Building Online Community

I've been thinking a lot about the new world of technology and how my message can best engage the new media. Not only that, but also how the message itself becomes shaped by the system of delivery. I believe it's important that my writing maintain its integrity - but at the same time I understand that communication must be pliable, flexible, malleable, if it is to be at all effective in real time.

Of course the very fact that people are reading this blog speaks to the cogency of the topic. My commitment to post blog entries six days every week is not only a consequence of this technology (and the "24-hour news cycle") but it - in effect - becomes a contributing factor to the credibility of this mode of communication. Participation is - in a large sense - sanction.

My message itself is becoming shaped by the fact that I do not have a few days, a week, or a month, to carefully craft my post - and, at the same time, the authenticity of what I have to share is necessarily improved by the very immediacy that makes it difficult to produce.

- Posting on this blog is not the same as writing a chapter for a book. But, rather than trying to force blog readers to digest book-segments in this context, it's incumbent on me to meet visitors here and share good news with them in the language of this venue. It's another way to follow Jesus in terms of "Be my witnesses in Jerusalem, and in all Judea and Samaria, and to the ends of the earth."

This is - in a very real sense - the ends of the earth.

Meanwhile, I'm in the process of taking my first "on-line" class. I'm participating in a workshop offered by the Institute for Discipleship (IFD), through , a learning extension program housed on the campus of Southwestern College in Kentucky. When I have completed my class, I'll be certified to teach on-line through the IFD.

A lot of our conversation (there are 14 of us taking the class) these first few days has been about how to build community in a virtual environment. Community requires interaction... but the on-line model deprives us of many of the cues involved in human contact. Handshakes, eye-brow raising, hugs, posture, proximity, looking people in the eye - or not, frowns, the way we are dressed... just a few of the elements that contribute to communication.

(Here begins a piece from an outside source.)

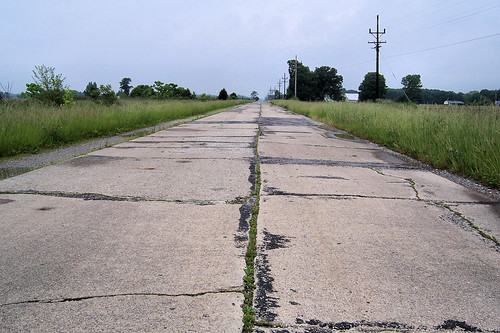 Old US 50 in Illinois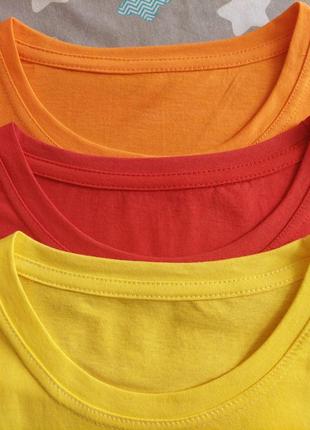 Новые унисекс базовые однотонные футболки со 100 % хлопка, яркие цвета, размеры с,м-л, хл, 6 хл9 фото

But, at the same time, barriers are removed. People tend to be less shy, more willing to speak their minds, more comfortable with their viewpoint. Some of the barriers - of course - are for our own protection and the protection of others. Being less circumspect is not necessarily a helpful factor when building community; holding back can actually promote dialog; catching someone's eye mid-sentence - when they're stepping all over someone else's toes - can serve to promote unity....

So a lot of new skill sets must be developed by those of us who moderate (or facilitate) on-line community....

Obviously there's a lot to talk about, not only in my class but here in this particular venue. I'm open - as always - for feedback. I know some of my facebook friends will jump on board this discussion the moment this is posted. I'd love to hear from you.

Most of all I want to be able to utilize emerging media to communiccate what I know to be true and healing and hopeful and encouraging and challenging and life-changing about the Gospel.